NERC Vice President of Engineering and Standards Soo Jin Kim on Nov. 12 said the ERO’s ongoing cold weather standards project could supply the next opportunity for the Board of Trustees to exercise its authority to streamline the normal stakeholder approval process.
Speaking at a technical conference about Project 2024-03 (Revisions to EOP-012-2), Kim acknowledged “there’s a little bit of industry fatigue” around the effort. She was referring to the fact the cold weather standard is undergoing its second set of revisions after FERC approved the original version, EOP-012-1 (Extreme cold weather preparedness and operations), in 2023 and its successor, EOP-012-2, this year but ordered changes each time. (See FERC Orders Further Cold Weather Standard Modifications.)
The deadline for the FERC-ordered revisions to EOP-012-2 is next March, but the replacement standard EOP-012-3 recently failed to gain industry approval in its first formal ballot period that concluded Nov. 5. The standard received 70 supportive votes from industry stakeholders but 129 negative votes with comments; 55 respondents either abstained or did not vote. The result was a segment-weighted 42.29% in favor of passage, well short of the two-thirds majority needed to put it before the board.

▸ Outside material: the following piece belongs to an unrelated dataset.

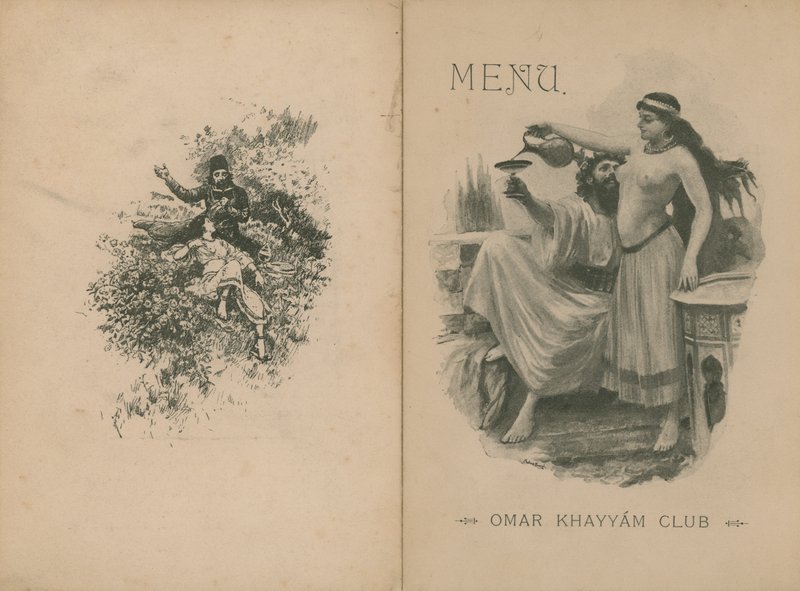 Omar Khayyam Club middagsmeny av English School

A similar situation caused the board to invoke for the first time its authority under Section 321 of NERC’s Rules of Procedure at its last open meeting in August. On that occasion, the failure of PRC-029-1 to receive industry approval led the board to direct the Standards Committee to host a technical conference in September to hear industry feedback on the proposed standard. Convening a tech conference is among the options in the section available to the board if stakeholders do not pass a proposed standard directed by FERC or NERC.

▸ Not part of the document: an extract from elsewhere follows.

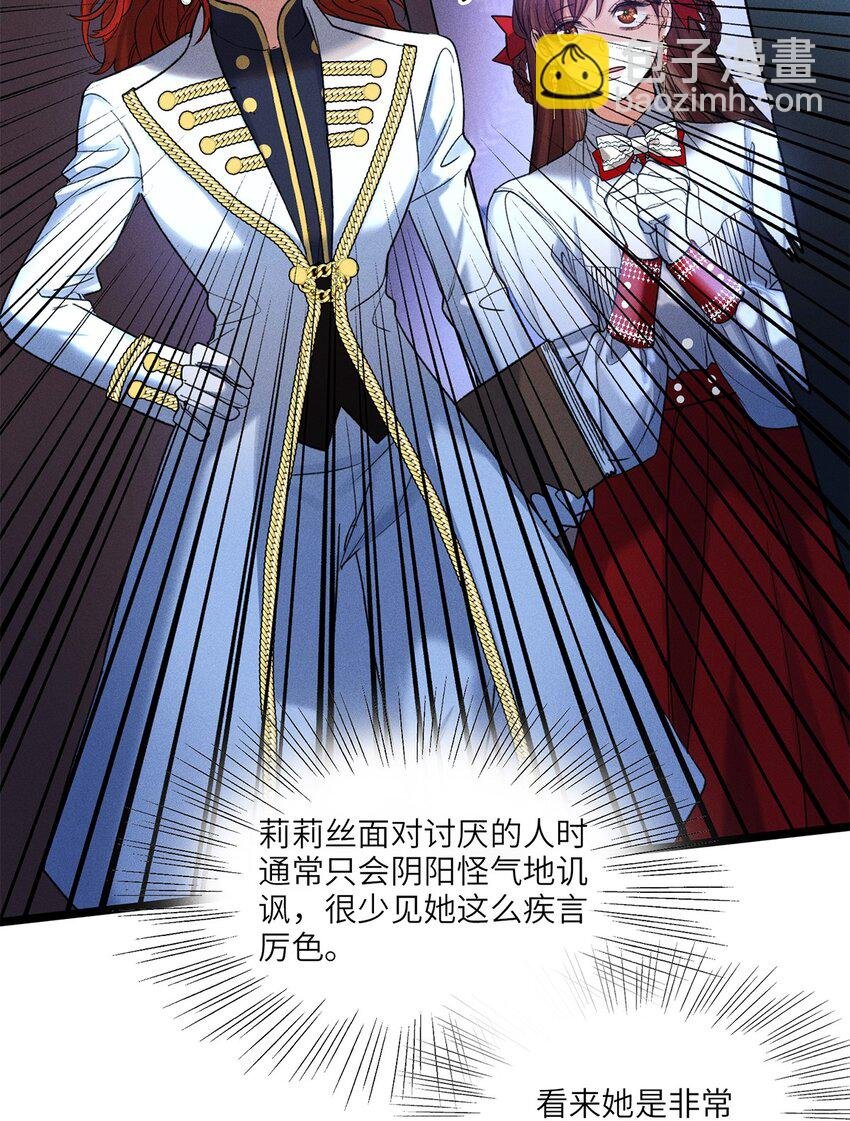 第32话 乔克尔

In the case of PRC-029-1, FERC had ordered NERC to develop standards governing inverter-based resources. (See “Board Invokes Standards Authority to Meet IBR Deadline,” NERC Board of Trustees/MRC Briefs: Aug. 15, 2024.) Following the conference, NERC used the input to revise the standard, and it subsequently passed a final ballot, which was submitted to FERC along with four other standards governing IBRs.
Following the success of the new process, NERC indicated it might convene technical conferences for other projects that have faced difficult ballot processes, in hopes of proactively addressing stakeholder concerns. At this week’s conference, Kim said additional action — including another use of the Section 321 powers — has not been ruled out.
“I have gotten a lot of questions with regard to [whether] this project [would] be a candidate for 321 action,” Kim said. “The answer is ‘yes.’ We do feel this risk is very critical, and this is one of those projects where, if we are at an impasse … would be a candidate for 321 recommendations.”
Kim emphasized that NERC’s board has not made any decision about whether to invoke the Section 321 authority at this point and will “probably” not discuss the issue at its open meeting in December; the standard’s “next ballot will be the determining factor,” she added.
She explained she wanted to be “very transparent” about the possibility of special action after NERC received feedback from industry that the ERO had not been forthcoming about its consideration of using Section 321 for the IBR standards.
“I don’t want anyone to ever come back and say that we were not very upfront about whether or not this is a potential risk for us moving forward,” Kim said. “We are very concerned [about] making sure that industry is able to mitigate these risks with regard to certain timelines.”